Bam trouble

Nov 16, 2014 at 10:47 AM

I have been used BAMParserExtensions.ParseRange to access to different region of genome, but suddenly I've found that there are rare cases than the gene in one experiment has alot of reads, but in another very similar experiment there are no any read at all.
        static void Main()
            var bamFiles = new[]{@"D:/MichelData/SE/1/Aligned.sortedByCoord.out.bam",@"D:/MichelData/SE/2/Aligned.sortedByCoord.out.bam"};
            string geneName = "ENSMUSG00000091474";
            int start = 41599261;
            int end = 41628533;
            string chr ="7";
            using (BAMParser parser = new BAMParser())
                foreach (var bamFile in bamFiles)
                    SequenceAlignmentMap result = BAMParserExtensions.ParseRange(parser, bamFile, chr, start, end);
You can find those files here. It's huge files, but I don't know how else to reproduce the result.

I checked existence of reads in this region by samtools
samtools view -h Aligned.sortedByCoord.out.bam 7:41599261-41628533 > query
And in both cases I can find the non-zero set of reads (you can find the file "query" in the same place), so it's not for biological reason - something wrong with Bio.IO.BAM.Parser and I can't figure out for exact reason.

Nov 17, 2014 at 7:10 AM
Edited Nov 18, 2014 at 4:48 AM
Hi Pavel,

Well samtools working where our parser doesn't isn't great. Can I ask which version of the library you are using? (latest download or fresh git clone), this would help track the issue.

Nov 17, 2014 at 7:46 AM
Hi Nigel,

it was latest download from nuget - the runtime verison is v4.0.30319.

Nov 17, 2014 at 10:33 AM
Edited Nov 17, 2014 at 10:34 AM
Hi Pavel,

Hmm.. I can't reproduce this with samtools. Trying to read the interval in the downloaded file returns no reads:
samtools view Aligned.sortedByCoord.out.bam 7:41599261-41628533 | wc -l
And the file I downloaded appears to itself be corrupted:
 samtools view -h Aligned.sortedByCoord.out.bam > test
 [main_samview] truncated file.
One possibility is we are using different versions of samtools or that the downloaded file was corrupted. However, if I take your query file and make a bam out of it:
samtools view -h -b query.sam > test.bam 
samtools index test.bam 
Then this file works fine in both samtools and .NET, and all the reads are returned. Are you using the latest version of samtools?

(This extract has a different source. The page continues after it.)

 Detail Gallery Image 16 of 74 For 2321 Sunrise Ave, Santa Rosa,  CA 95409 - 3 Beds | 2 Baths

Would you mind converting your query file and trying it in .NET Bio?

Nov 17, 2014 at 11:57 AM
Edited Nov 18, 2014 at 9:14 AM
Ok, I've done it again and convert bam to sam as well - without any error.
[BioTrouble]$ samtools view -h 1/Aligned.sortedByCoord.out.bam 7:41599261-41628533 | wc -l
[BioTrouble]$ samtools view -h 2/Aligned.sortedByCoord.out.bam 7:41599261-41628533 | wc -l
[BioTrouble]$ samtools view Aligned.sortedByCoord.out.bam > test
[BioTrouble]$ samtools --version
samtools 1.1
Using htslib 1.1
Copyright (C) 2014 Genome Research Ltd.
As you I take query file and make bam/bai, and it works fine in both cases as well. I deposit query.bam/.bai in the same place.

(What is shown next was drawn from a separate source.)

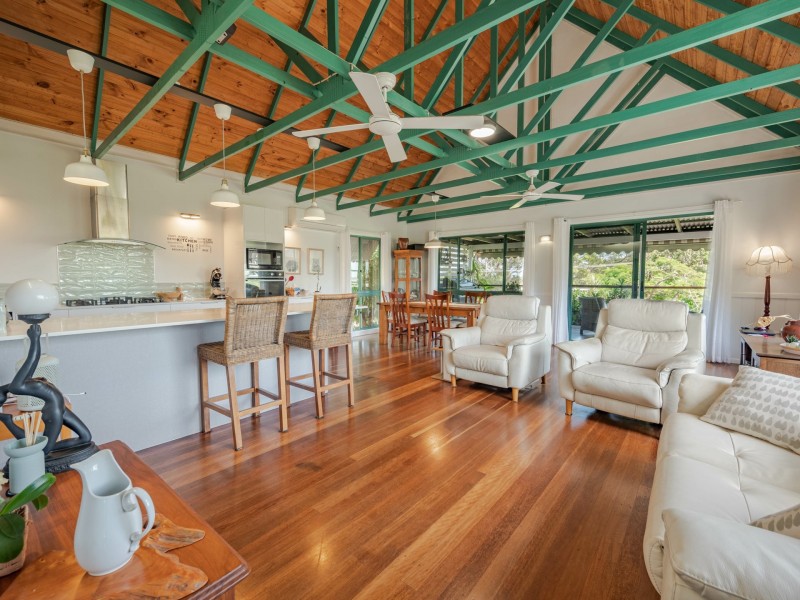 53 Deenya Parade, Russell Island QLD 4184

I see three possibilities (can occur simultaneously):
  1. we use different versions of samtools
  2. your downloading process was interrupted
  3. under certain conditions something wrong with .NET Bio
Nov 18, 2014 at 4:41 AM
Hi Pavel,

Almost there, after trying the download on a better server, I was able to get a file that produced your result with samtools v1.1 and v1.0. With one exception, I think you also included the -h parameter to samtools, in order to get the 1143 count, otherwise it is 1074.

In any event, there was a bug in the indexing implementation, which is now fixed with this patch:

I'll ask Mark if he'd be willing to put out a new nuget package for you to work with.

Nov 18, 2014 at 2:36 PM
I'll see if I can get one pushed today with the latest fixes. Thanks Nigel & Pavel!

Nov 18, 2014 at 8:02 PM
I've pushed a new build up to Nuget -- Pavel, you should be able to just update your packages in your project to get the fix.